━━━━━ Recorded data
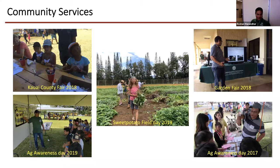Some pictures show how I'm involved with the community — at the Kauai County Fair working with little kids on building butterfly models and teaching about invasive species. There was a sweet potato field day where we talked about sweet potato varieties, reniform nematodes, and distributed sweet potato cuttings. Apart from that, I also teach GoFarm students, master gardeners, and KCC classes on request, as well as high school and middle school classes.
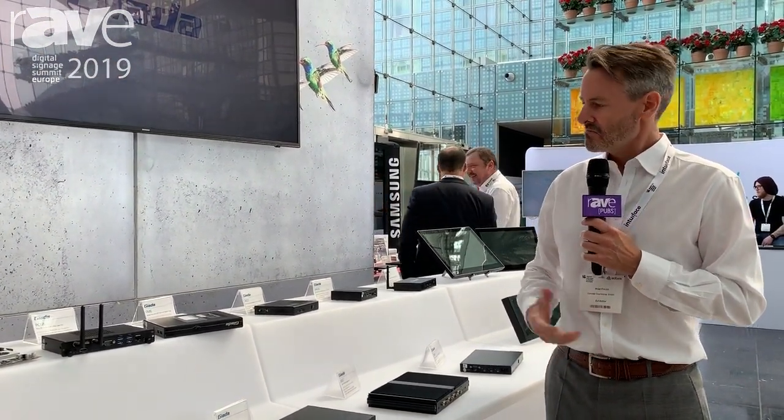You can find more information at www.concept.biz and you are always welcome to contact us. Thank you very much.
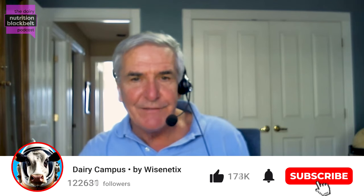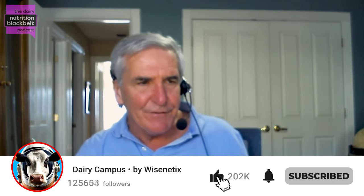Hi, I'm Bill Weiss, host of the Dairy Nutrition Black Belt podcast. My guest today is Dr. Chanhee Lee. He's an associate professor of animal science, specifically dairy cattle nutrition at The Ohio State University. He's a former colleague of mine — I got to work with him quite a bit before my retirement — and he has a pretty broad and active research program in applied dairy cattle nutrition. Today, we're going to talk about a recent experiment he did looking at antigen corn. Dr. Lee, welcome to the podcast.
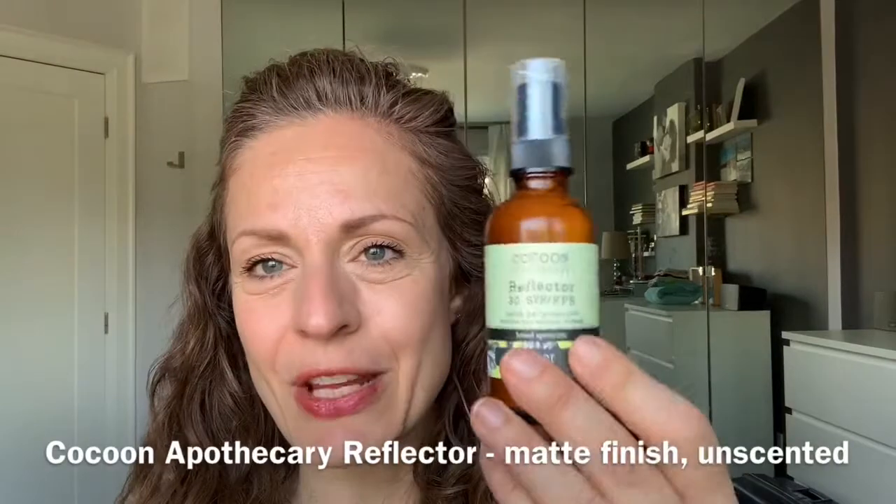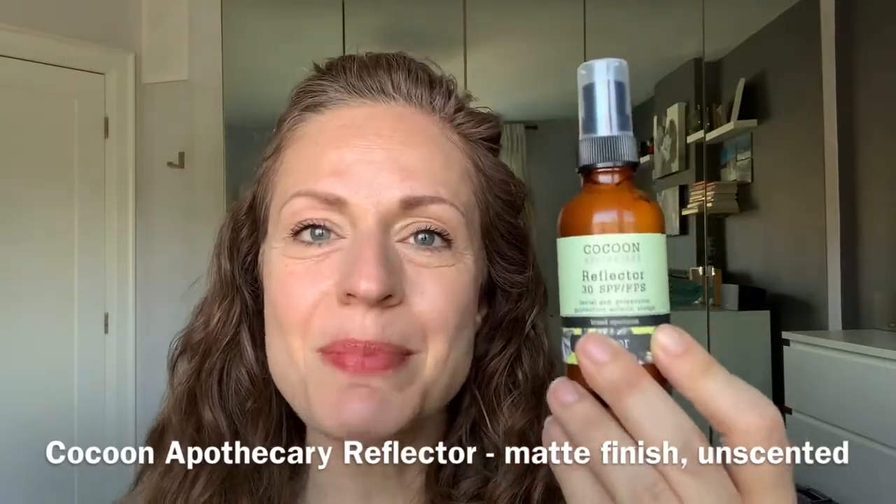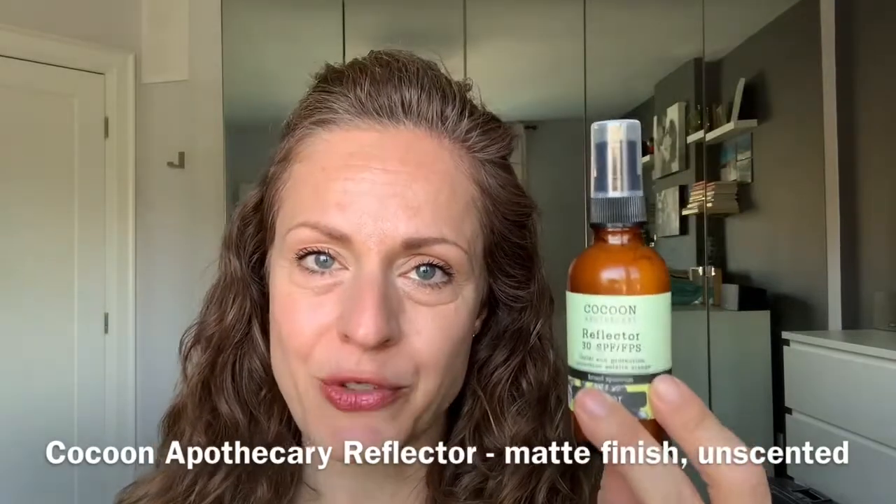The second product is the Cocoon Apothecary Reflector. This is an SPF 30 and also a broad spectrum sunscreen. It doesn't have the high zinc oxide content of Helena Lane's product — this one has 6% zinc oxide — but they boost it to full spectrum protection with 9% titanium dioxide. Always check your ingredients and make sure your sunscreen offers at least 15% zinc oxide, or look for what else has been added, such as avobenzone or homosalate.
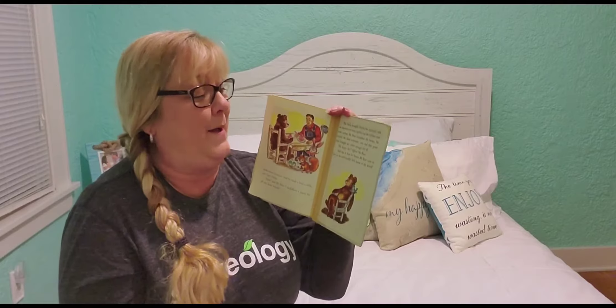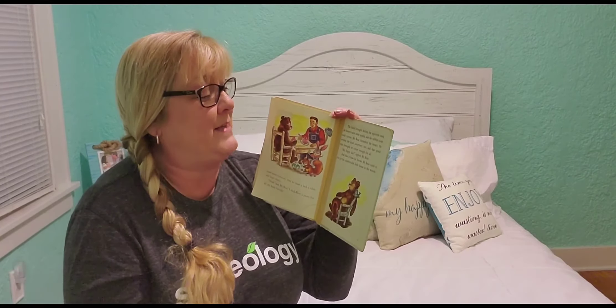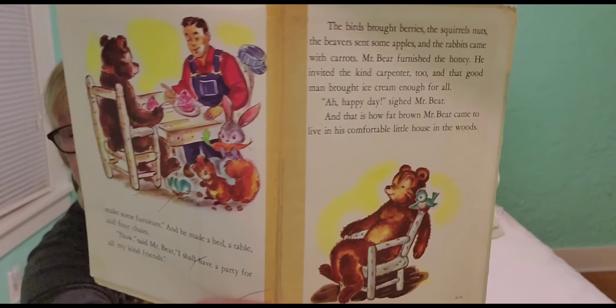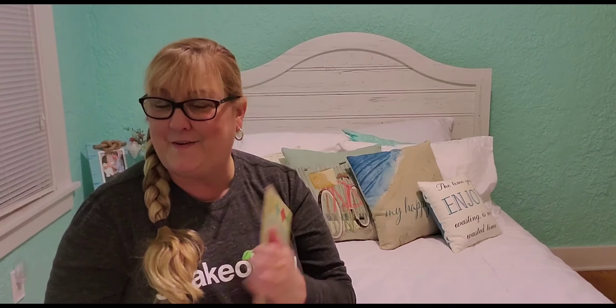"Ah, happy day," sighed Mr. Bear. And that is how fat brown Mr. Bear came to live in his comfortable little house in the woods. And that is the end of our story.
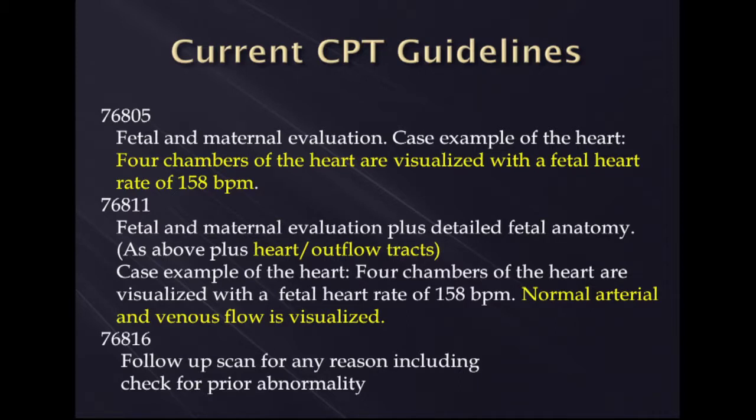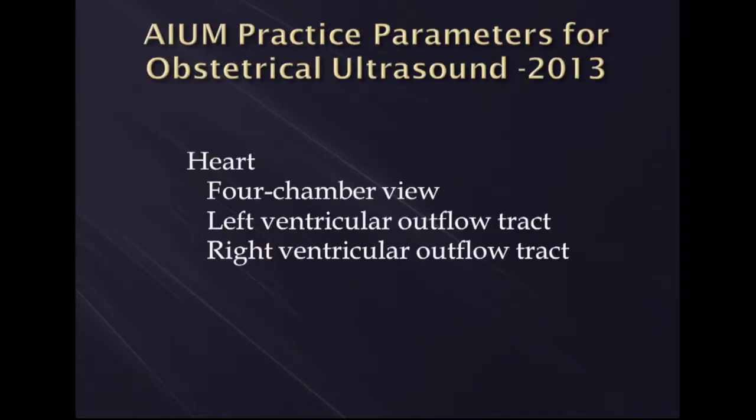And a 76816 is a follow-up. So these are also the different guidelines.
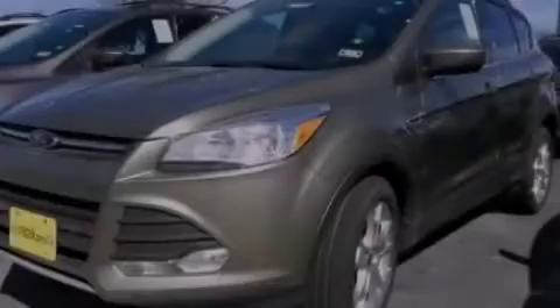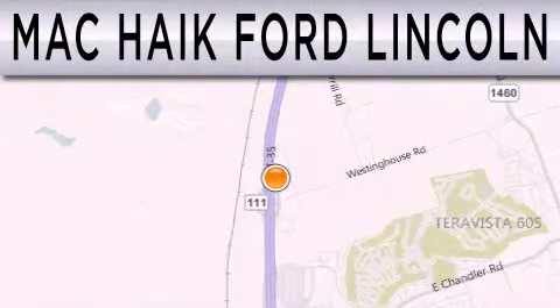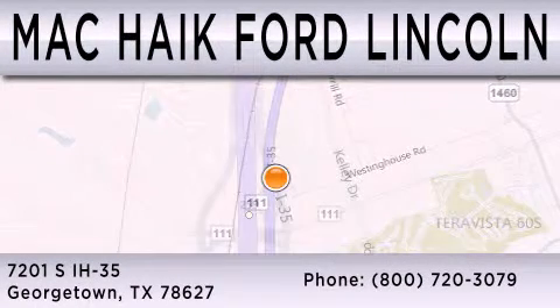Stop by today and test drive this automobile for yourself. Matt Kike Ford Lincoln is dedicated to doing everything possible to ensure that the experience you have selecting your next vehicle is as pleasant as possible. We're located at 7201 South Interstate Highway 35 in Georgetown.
━━━━━━━━━━
[Brief] Exactly the lines from the top of the listing through the line holding "You can find" should be repeated, with pictures left out.

[Answer for the task]
Some pictures show how I'm involved with the community — at the Kauai County Fair working with little kids on building butterfly models and teaching about invasive species. There was a sweet potato field day where we talked about sweet potato varieties, reniform nematodes, and distributed sweet potato cuttings. Apart from that, I also teach GoFarm students, master gardeners, and KCC classes on request, as well as high school and middle school classes.
You can find more information at www.concept.biz and you are always welcome to contact us. Thank you very much.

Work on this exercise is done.